Key Points

  • The yield curve has been flattening and the 10s-2s spread hit a low of 41 basis points last week, raising concerns.

  • Although ample headlines have warned about imminent threats of an inversion and subsequent recession, history shows long lag times and healthy stock market performance.

  • Large caps could resume their outperformance if yield curve history is any guide.

The spread between the 10-year Treasury and 2-year Treasury yields has narrowed to below 50 basis points, with countless media headlines raising alarm bells and warning about an impending inverted yield curve and possible subsequent recession.

First a primer

The yield curve is a graphical plot of the yields of bonds with different maturities; and the aforementioned “10s-2s” spread is one of the more commonly-tracked. In a normal economic/market environment, the curve is generally upward-sloping as yields on longer-term bonds are typically higher than shorter-term bonds, because the former are higher-risk investments due to their duration.

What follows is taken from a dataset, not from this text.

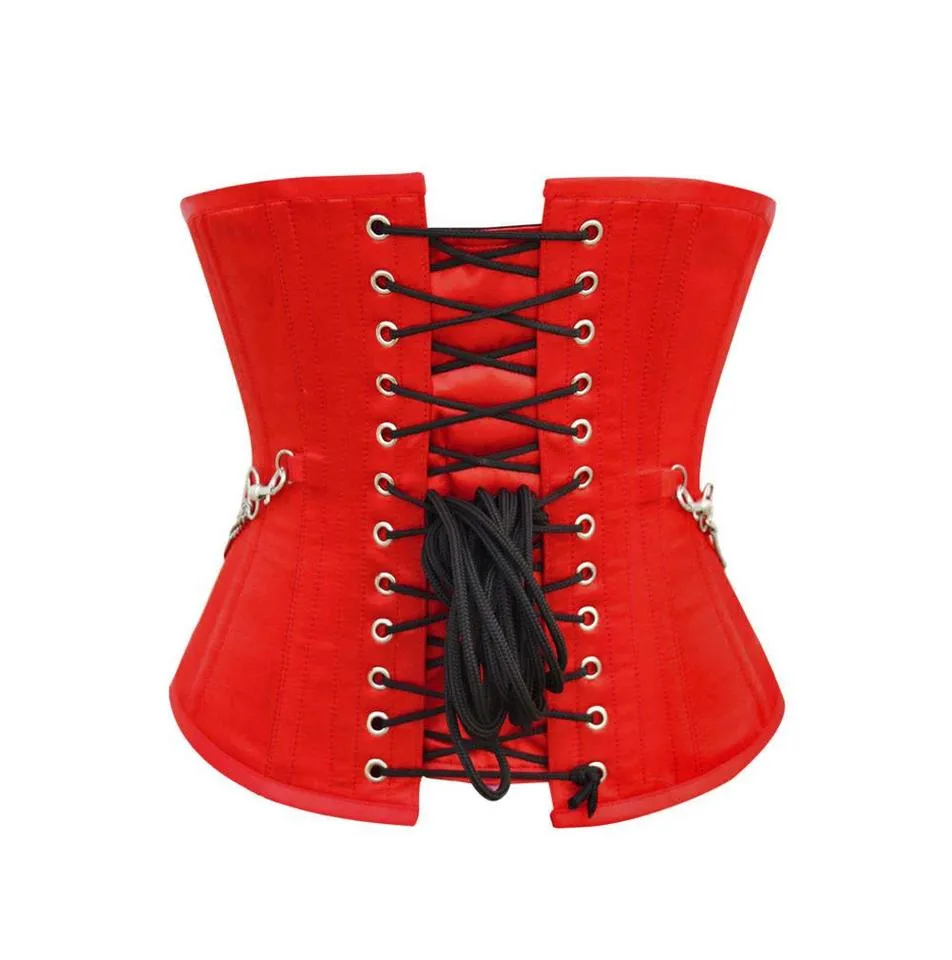 Nainsi Red Underbust Corset with Buckles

An inverted yield curve occurs when shorter-term rates are above longer-term rates. This happens when the Fed hikes the fed funds rate to beyond the yield of longer-term Treasury securities; and has been a fairly accurate recession signal historically, albeit with a lag.

What say you Fed?

The topic has become a hot one at client events at which I’ve spoken recently. Investors are worried. But want to know who are, for the most part, not worried? Federal Reserve (Fed) officials:

  • Philadelphia Fed’s Pat Harker (and my friend and former President of my undergraduate alma mater, University of Delaware): “I’m also keeping an eye on the yield curve. I think worries so far have been a little inflated.”
  • New York Fed’s William Dudley: “I am not concerned about the recent flattening of the Treasury yield curve.”
  • Chicago Fed’s Charles Evans: “Yield curve not nearly as much of a concern as I might have pointed to a couple of months ago.”
  • San Francisco Fed’s John Williams: “The flattening of the yield curve that we’ve seen is so far a normal part of the process, as the Fed is raising interest rates, long rates have gone up somewhat—but it’s totally normal that the yield curve gets flatter.”
  • Cleveland Fed’s Loretta Mester: “I just think long rates are going to go up given where we are in the economy and given where we see the economy going. But this is another reason why we need to keep raising up the short rate.”
  • Fed Vice Chair for Supervision Randal Quarles: “I’m not viewing the current flattening of the yield curve as much of a signal toward an impending recession.”